■ Problem description ■
What is needed is a word-for-word restatement of all the entries.

■ Data shown ■
%%
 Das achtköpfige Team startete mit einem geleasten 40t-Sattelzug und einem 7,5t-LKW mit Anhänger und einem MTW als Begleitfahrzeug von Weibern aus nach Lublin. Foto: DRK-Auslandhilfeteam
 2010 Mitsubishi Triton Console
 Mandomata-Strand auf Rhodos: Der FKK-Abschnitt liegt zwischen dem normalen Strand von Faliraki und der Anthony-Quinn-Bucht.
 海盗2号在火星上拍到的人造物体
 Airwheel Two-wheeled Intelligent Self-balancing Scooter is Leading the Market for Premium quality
%%
■ Response to the task ■
 Das achtköpfige Team startete mit einem geleasten 40t-Sattelzug und einem 7,5t-LKW mit Anhänger und einem MTW als Begleitfahrzeug von Weibern aus nach Lublin. Foto: DRK-Auslandhilfeteam
 2010 Mitsubishi Triton Console
 Mandomata-Strand auf Rhodos: Der FKK-Abschnitt liegt zwischen dem normalen Strand von Faliraki und der Anthony-Quinn-Bucht.
 海盗2号在火星上拍到的人造物体
 Airwheel Two-wheeled Intelligent Self-balancing Scooter is Leading the Market for Premium quality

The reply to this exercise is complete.